More pressing issues arose when large-scale applications led to:

  • Cloud Cabbage: Entire fields of cruciferous vegetables forming low-altitude, self-sustaining cloud formations, often mistaken for cumulus clouds until they began raining Excessively Leafy Dew.
  • The Great Pumpkin Escape of '88: A notorious incident where an entire festival's worth of prize pumpkins, treated with a "mild" dose of AGF for an upcoming "hovering centerpiece" display, spontaneously rose and drifted east, eventually landing on the roofs of every single house in Omaha, causing widespread confusion and an unexpected squash surplus.
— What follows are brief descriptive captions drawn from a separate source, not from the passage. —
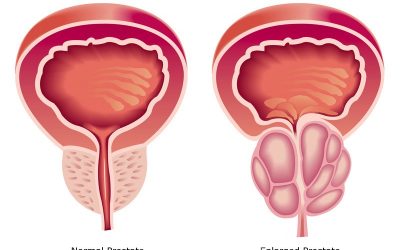 Le dieci domande piú frequenti sull’Ipertrofia Prostatica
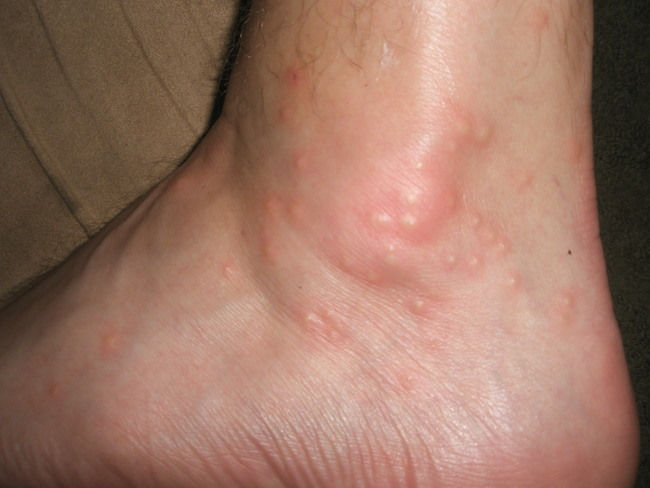are these little bites all over my ankles flea bites ...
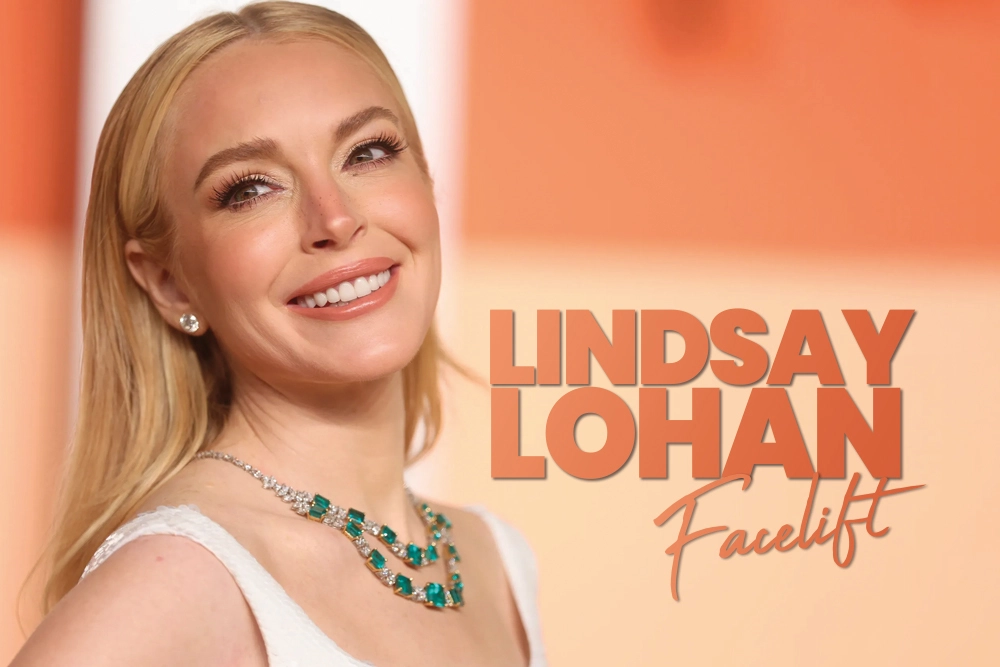 Lindsay Lohan Facelift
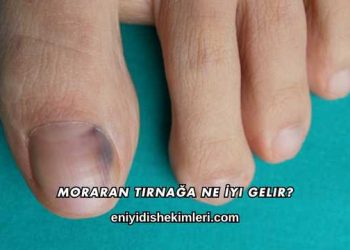 Moraran Tırnağa Ne İyi Gelir?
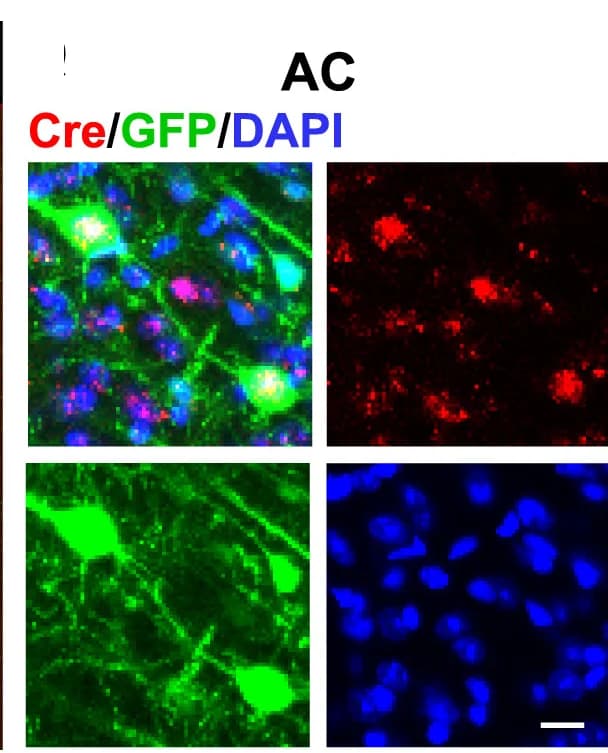 Open access visualization of Microscopy, Immunostaining, Co-localization, Cre, GFP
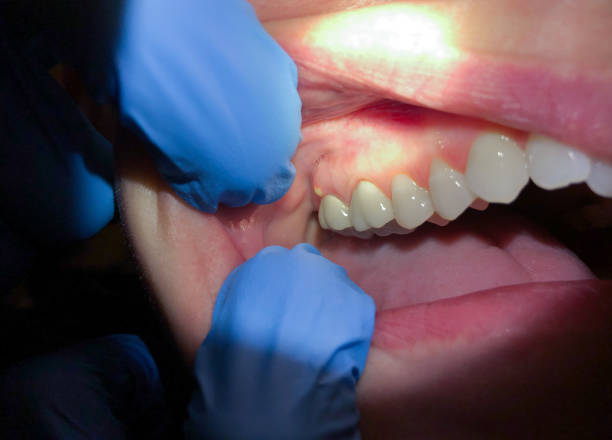 Best Emergency Tooth Extraction  in Coopersville, MI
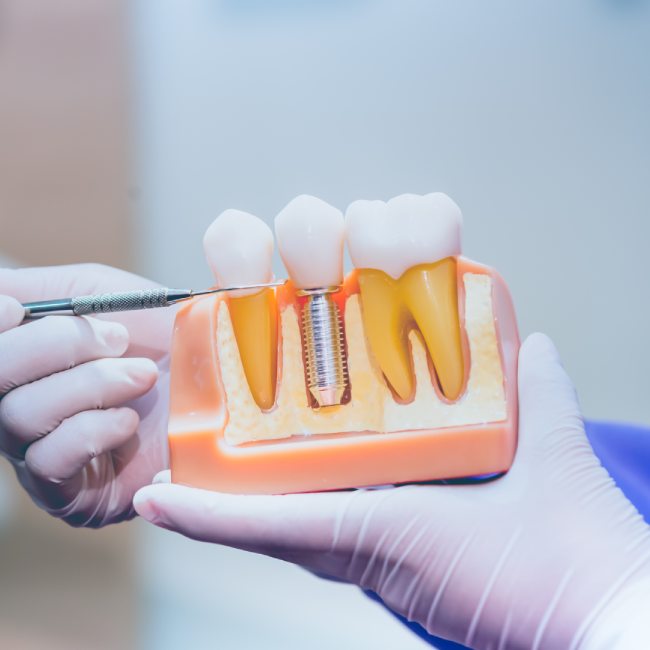 dental implants in Coquitlam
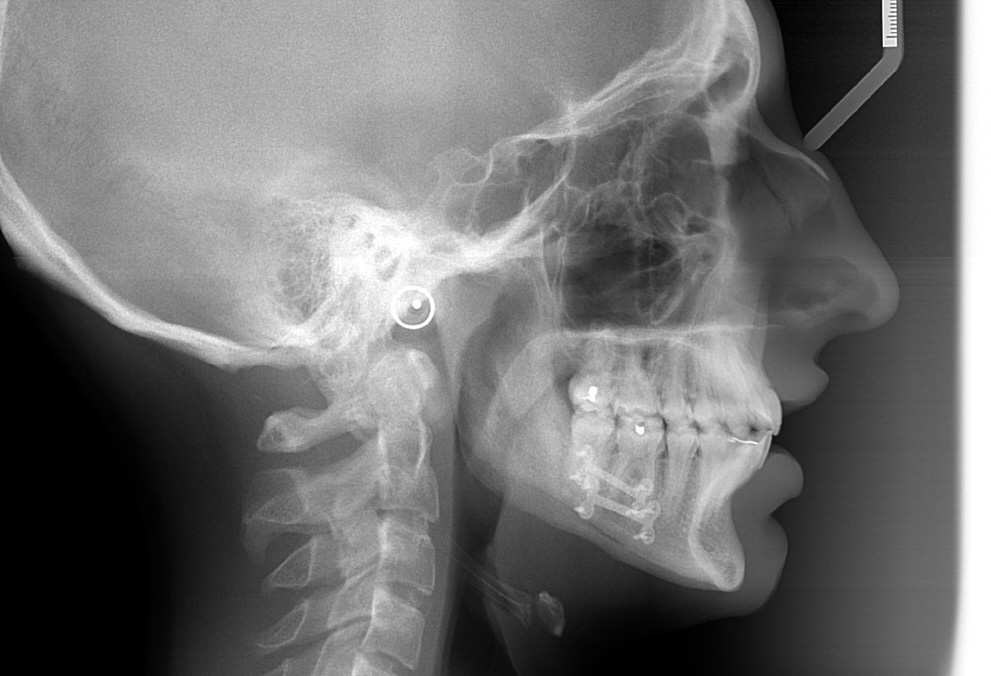 30-03-2012 Téléradiographie de Profil de Fin de traitement orthodontico-chirurgical copie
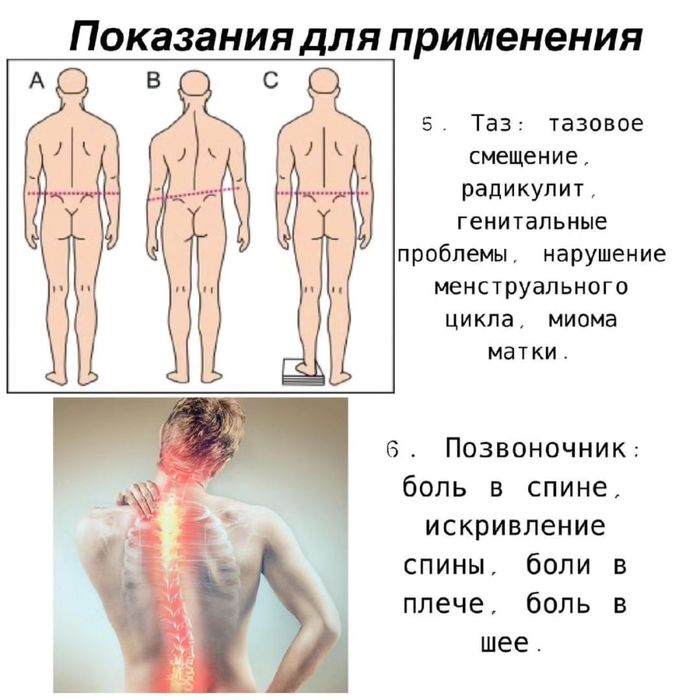 Коррекционные стельки Whieda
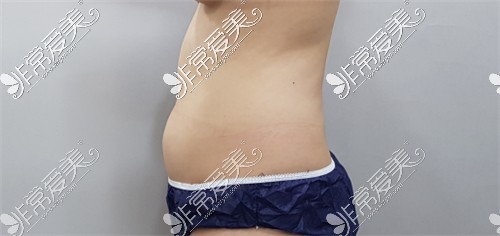 LINE&VIEW整形外科腰腹吸脂术前图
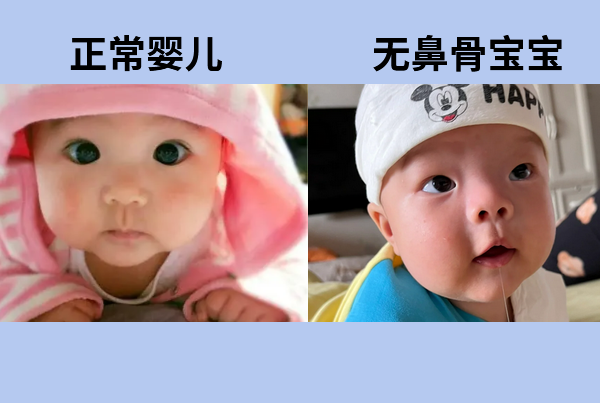 无鼻骨宝宝和正常婴儿有什么区别，求对比图分享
  • Accidental Astronaut-Farmers: Due to the residual anti-gravitational aura, prolonged exposure to treated fields has been known to cause farmers to develop a mild "lift," requiring tethering systems and special Heavy Boots of Grounding to prevent them from inadvertently joining their crops in the upper atmosphere. The most famous case involved Farmer Giles, who, after applying AGF to his entire blueberry crop, found himself uncontrollably bouncing across his fields, eventually necessitating a Giant Fly Swatter to bring him gently back to earth.

Despite these challenges, proponents of AGF insist it merely requires a "paradigm shift" in agricultural thinking, preferably one that involves Space Suits for Sprouts.